Entries taken from a collection

┄┄┄┄┄┄┄┄┄┄

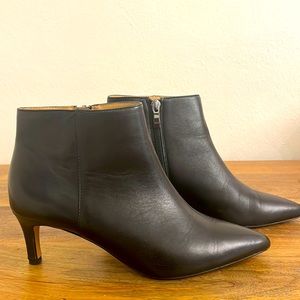 Beautiful Black Leather Franco Sarto Ankle Boots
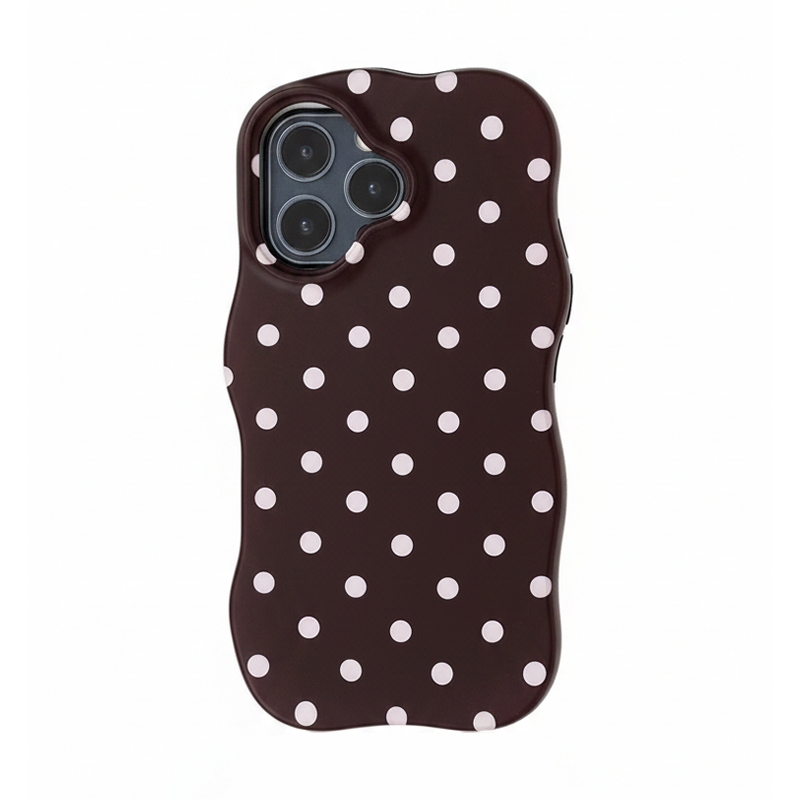 ドット柄ハートiPhoneケース ブラウン×ピンク(ケース単品)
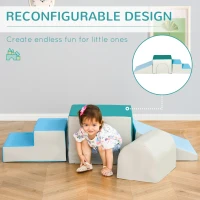 HOMCOM Set de 4 Blocuri Moi de Construcție pentru Copii, Joc Modulabil pentru Copii 1-3 Ani, 150x50x39 cm, Multicolor(m-5)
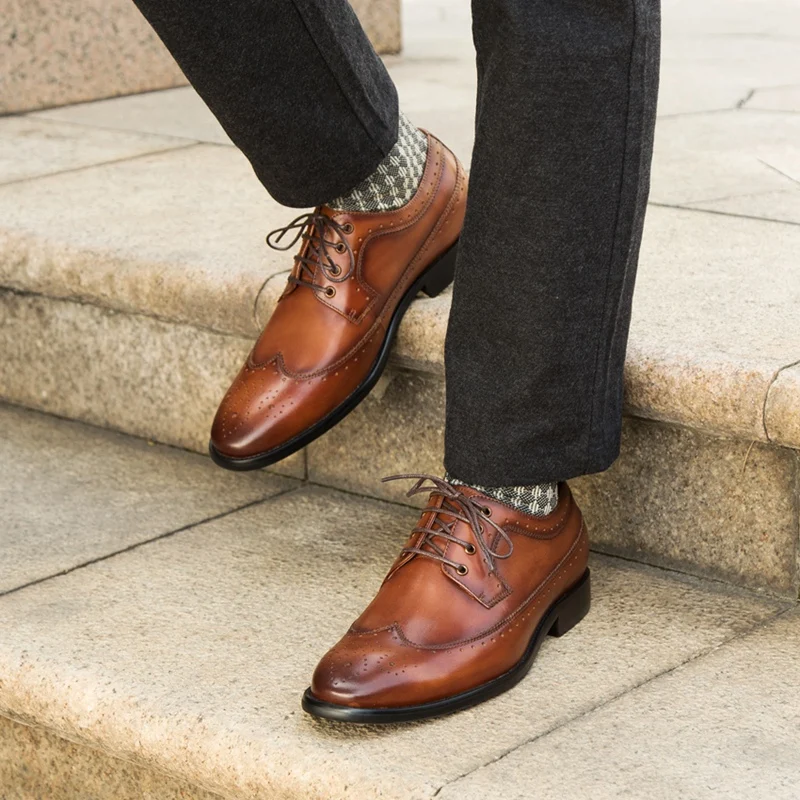 Мужские туфли оксфорды из натуральной кожи на шнуровке с острым носком|Туфли| |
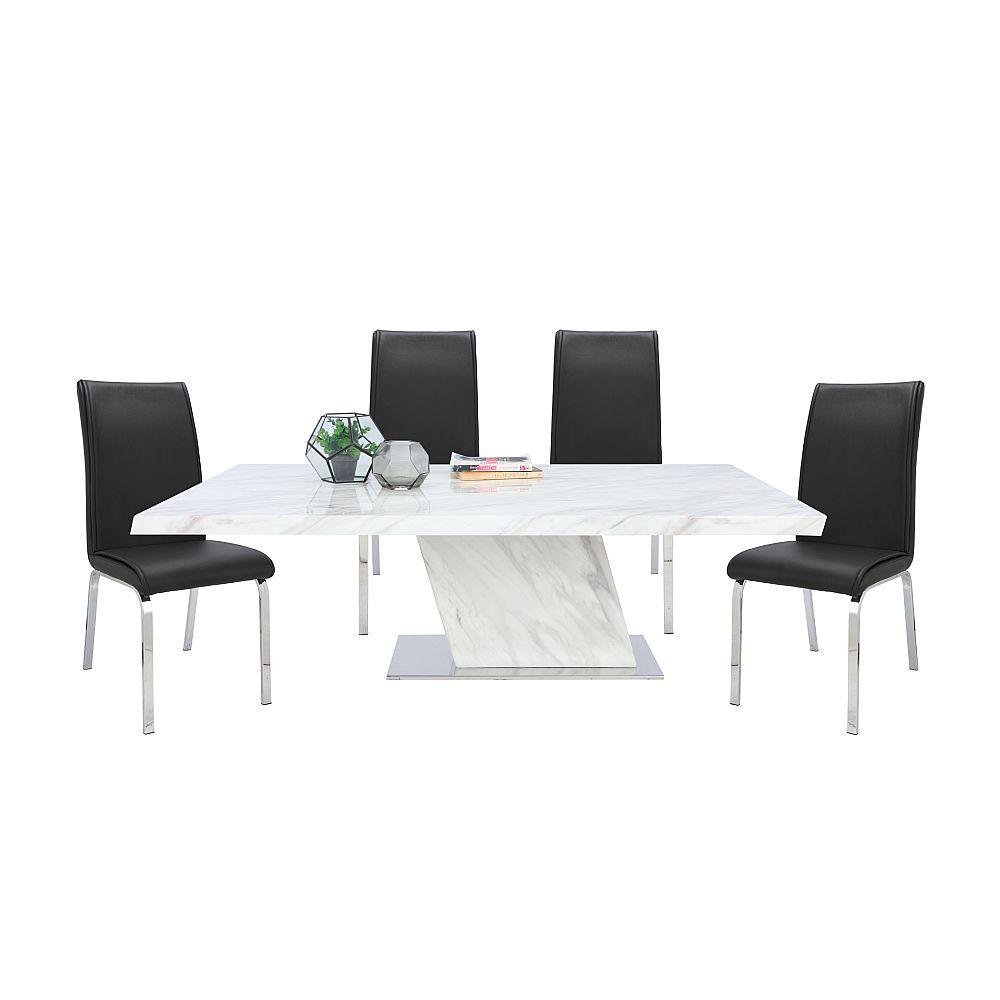 ชุดโต๊ะอาหาร รุ่นอัลลาโน่+ซาว่า (โต๊ะ 1+เก้าอี้ 4) - สีขาว/ดำ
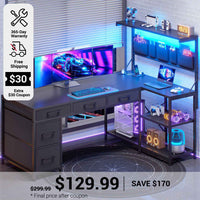 SEDETA 47.2 Inch Reversible L Shaped Gaming Desk with LED Lights and Drawers Storage Shelves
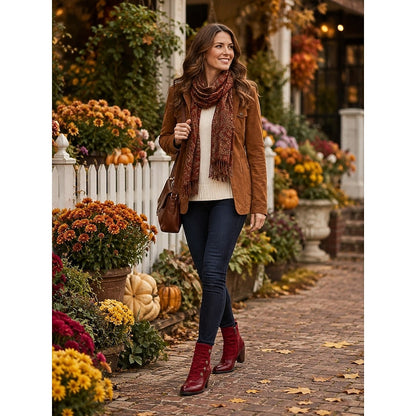 Kessoro women's stacked block heel side-zip ankle boots in wine, blue and black - view 6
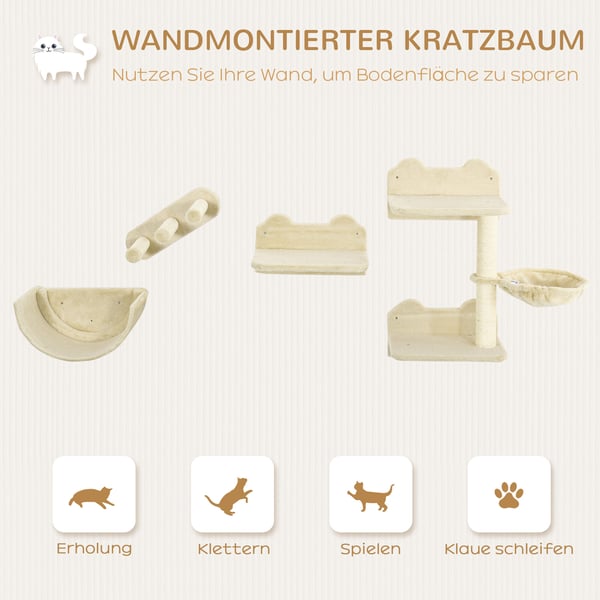 Klatrevæg til katte, 40x28x73 cm, Beige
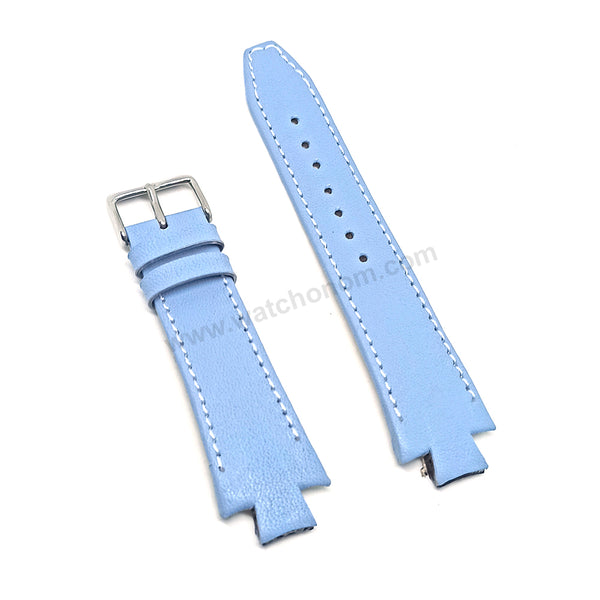 Lacoste 3520D fits with 18mm Handmade White Stitch on Baby Blue Genuine Leather Replacement  Watch Band Strap Belt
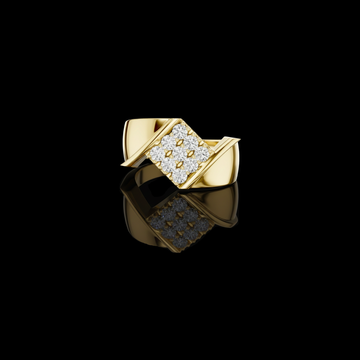 0.45 TCW Regal Matrix Statement Ring with Pavé Round Lab Grown Diamond Cluster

┄┄┄┄┄┄┄┄┄┄

# What to do
Omit the pictures; print the records above exactly.

# Output of the task
 Beautiful Black Leather Franco Sarto Ankle Boots
 ドット柄ハートiPhoneケース ブラウン×ピンク(ケース単品)
 HOMCOM Set de 4 Blocuri Moi de Construcție pentru Copii, Joc Modulabil pentru Copii 1-3 Ani, 150x50x39 cm, Multicolor(m-5)
 Мужские туфли оксфорды из натуральной кожи на шнуровке с острым носком|Туфли| |
 ชุดโต๊ะอาหาร รุ่นอัลลาโน่+ซาว่า (โต๊ะ 1+เก้าอี้ 4) - สีขาว/ดำ
 SEDETA 47.2 Inch Reversible L Shaped Gaming Desk with LED Lights and Drawers Storage Shelves
 Kessoro women's stacked block heel side-zip ankle boots in wine, blue and black - view 6
 Klatrevæg til katte, 40x28x73 cm, Beige
 Lacoste 3520D fits with 18mm Handmade White Stitch on Baby Blue Genuine Leather Replacement  Watch Band Strap Belt
 0.45 TCW Regal Matrix Statement Ring with Pavé Round Lab Grown Diamond Cluster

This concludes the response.